_DATA TO PROCESS_:
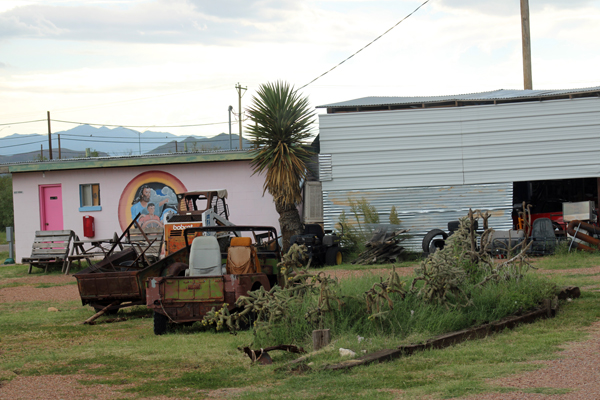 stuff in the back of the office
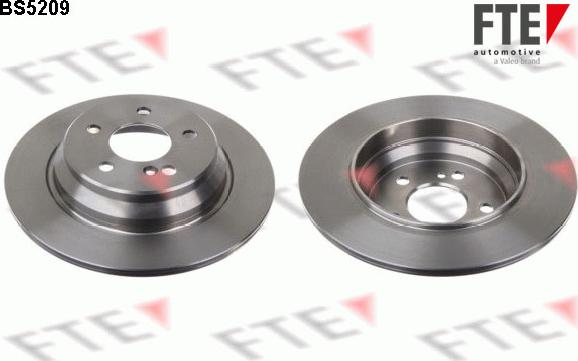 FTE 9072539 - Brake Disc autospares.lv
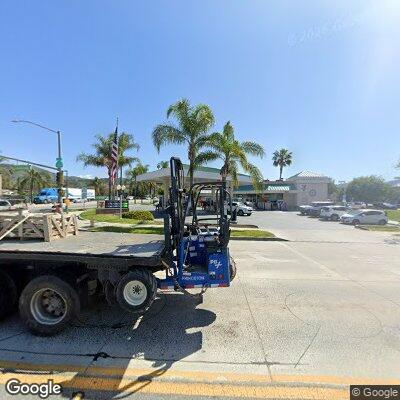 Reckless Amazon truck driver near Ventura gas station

...

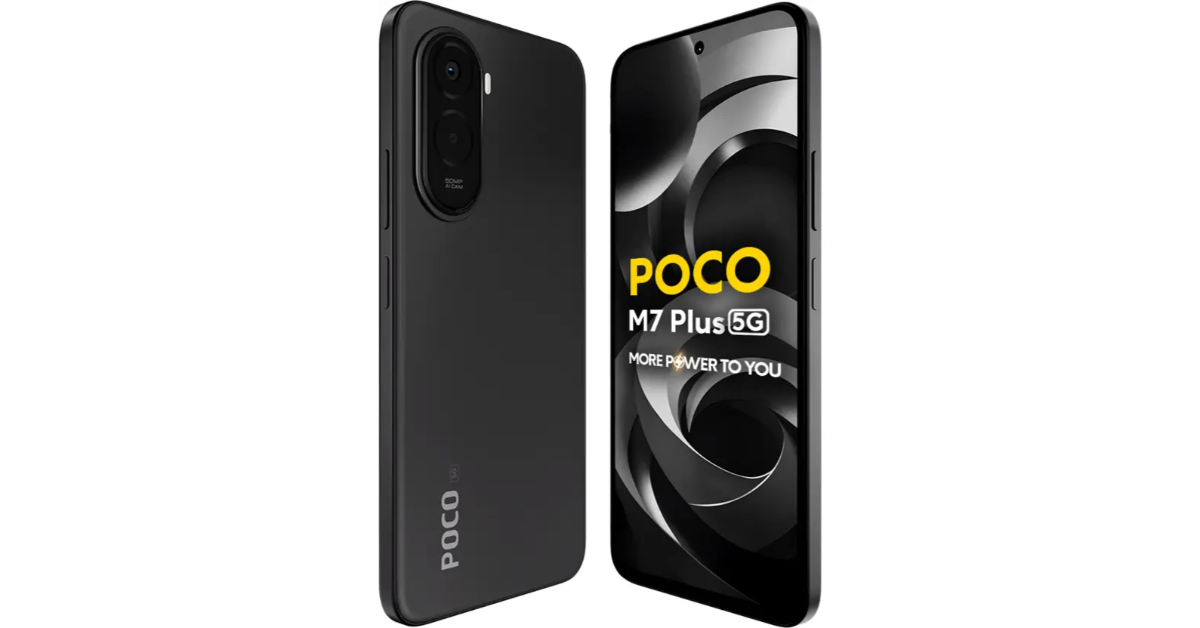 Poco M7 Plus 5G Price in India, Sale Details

==

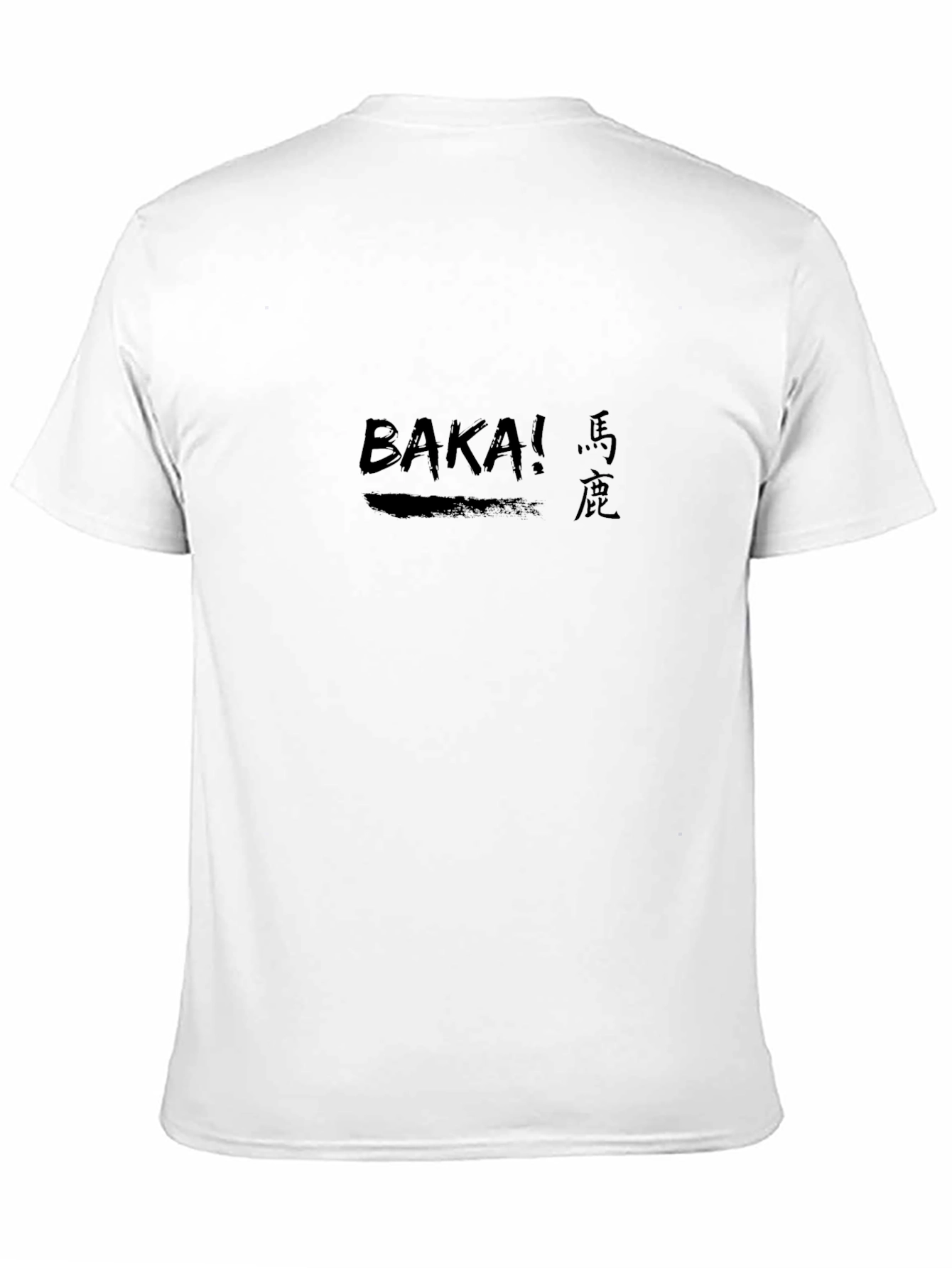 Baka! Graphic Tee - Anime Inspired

_BRIEF_: Without the pictures, set down the lines above from the line with "stuff in the back of the office" up to and including the line with "Reckless Amazon truck" exactly as they stand.

_RESULT FOR THIS EXERCISE_:
 stuff in the back of the office
 FTE 9072539 - Brake Disc autospares.lv
 Reckless Amazon truck driver near Ventura gas station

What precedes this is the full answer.